Sub-contractors wanted for southeast Michigan locations. Must have a newer truck with a containment plow (v-blade, wideout, etc.). Must have a v-box salter or liquid spray system OR be willing to purchase one.

Lots of hours - you will be salting too - not just plowing when needed!!!

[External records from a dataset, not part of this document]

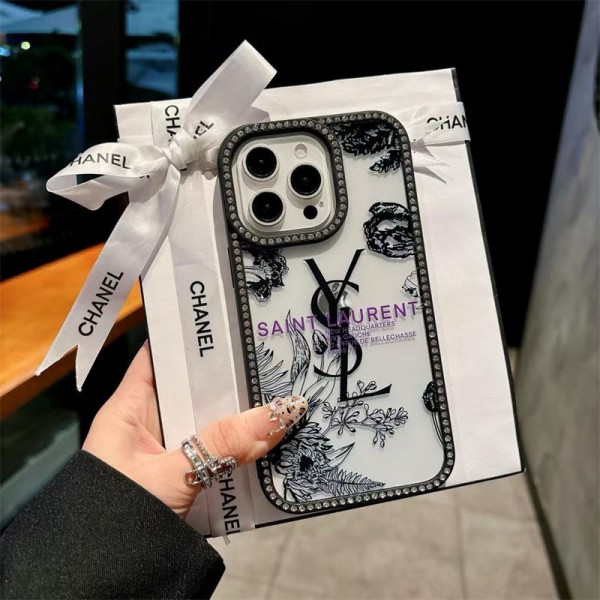Chanel シャネルハイブランドiphone16e 14 17 Pro Max 15 Plusケースカバー耐衝撃のシャネルiPhone  17pro 16e 15 pro max 14  13 12 plusスマホケース男女兼用iPhone 15 14 16 17pro maxケースカバーアップル 15+ 14pro 16e 17ブランドスマホカバー薄型オシャレ
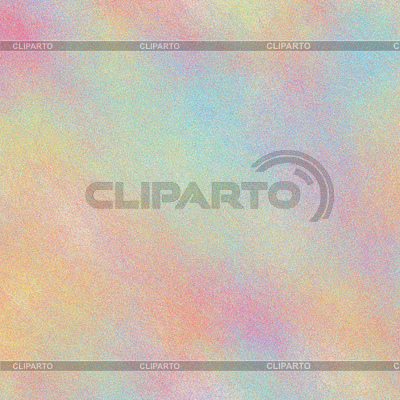Multicolor Abstract Background Noise | Ilustración de alta resolución |ID 4088220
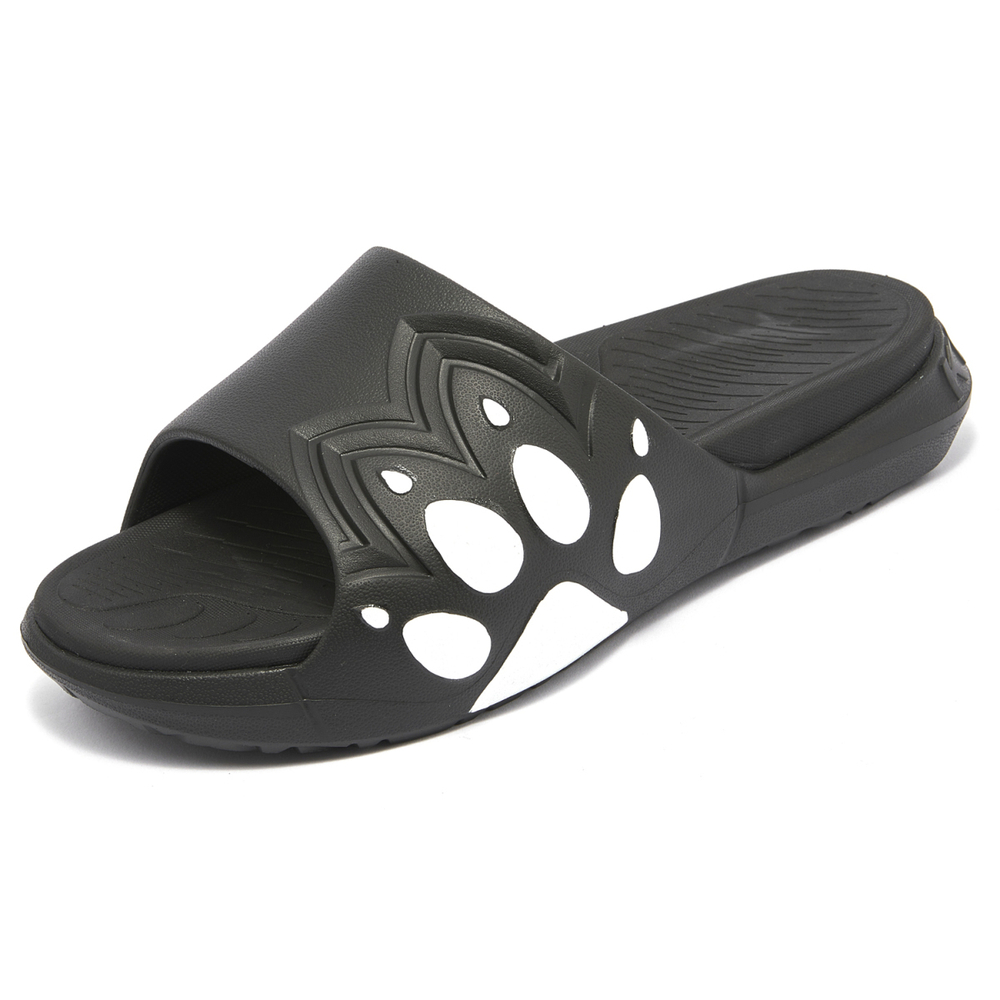 KELME EVA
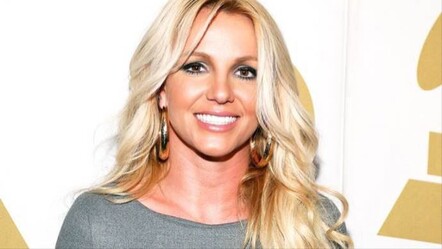 Britney Spears'ın eski erkek arkadaşı öldürüldü - magazin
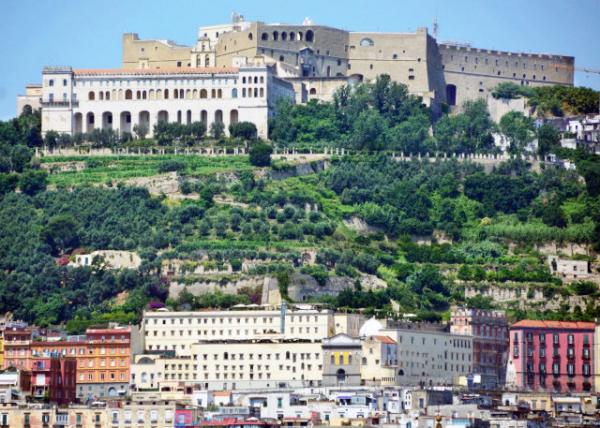 2015-06-14_Castel St Elmo & Certosa di San Martino-20001.JPG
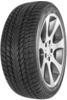 Fortuna 205/40 R17 84V Gowin UHP 2 XL 15322706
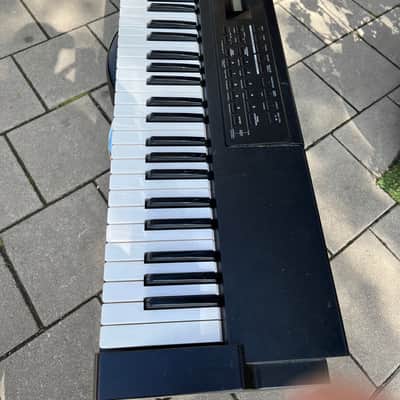 Roland XP-10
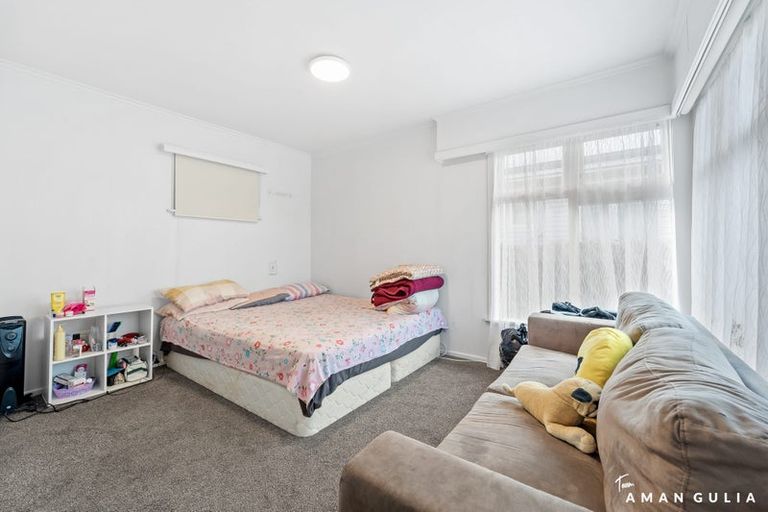 Photo of property in 53 Northcote Road, Northcote, Christchurch, 8052
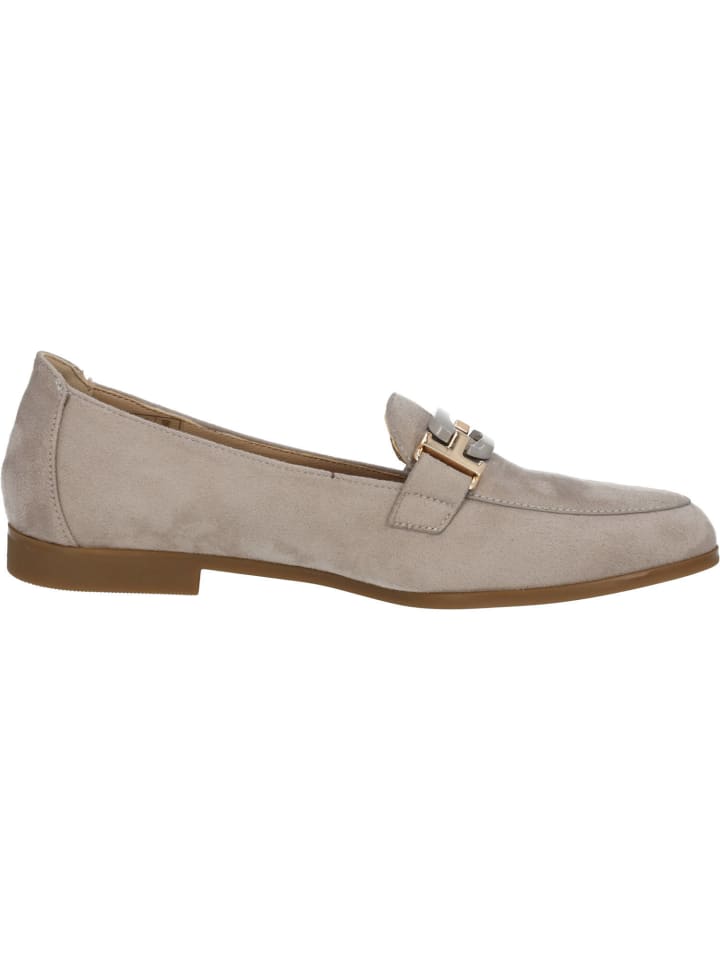 palado Loafers in Beige günstig kaufen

Please call for more details. Mike 248-640-0937


----------



## Defcon 5 (Mar 20, 2014)

CSP#1;1828447 said:


> Sub-contractors wanted for southeast Michigan locations. Must have a newer truck with a containment plow (v-blade, wideout, etc.). Must have a v-box salter or liquid spray system OR be willing to purchase one.
> 
> Lots of hours - you will be salting too - not just plowing when needed!!!
> 
> Please call for more details. Mike 248-640-0937


How is the pay structure from the works completion...Weekly,Biweekly,Monthly???


----------



## tmichaeljr (Dec 12, 2013)

*Ready to work*

Here's what we have - and operators:
2009 Ford F-550 w/ 10' Boss Straight Blade & 4 Yard SnowEx SP-9500 V-Box Spreader 
2009 Ford F-350 w/a 7'6" Western Blade and Sno-Way 8' V-Box salt spreader
2009 BobCat Tool Cat 4 wheel drive/4 wheel steering, 2 ton capacity dump box, 6' snow pusher box, 8' Hiniker C-Blade
2011 Ford F-350 w/a 9'2" Boss Power V-Blade
2004 GMC Sierra 3500 w/a 9'2" Boss Power V-Blade & 300 gallon Turf-Pro boom sprayer, w/100' hand held hose applicator (for liquid application of anti-icing material)
2008 
(2) 2007 Honda ATV w/a 48" snow blade and 80# electric salter
(10) Earthway 100# walk behind salt spreaders
1 Salt Dog 80# walk behind salt spreader
(6) Toro 24" Snow Commander Snow blowers
(4) Toro 21" Snow Commander Snow blowers
(1) Ariens 24" 2 stage snow blower


----------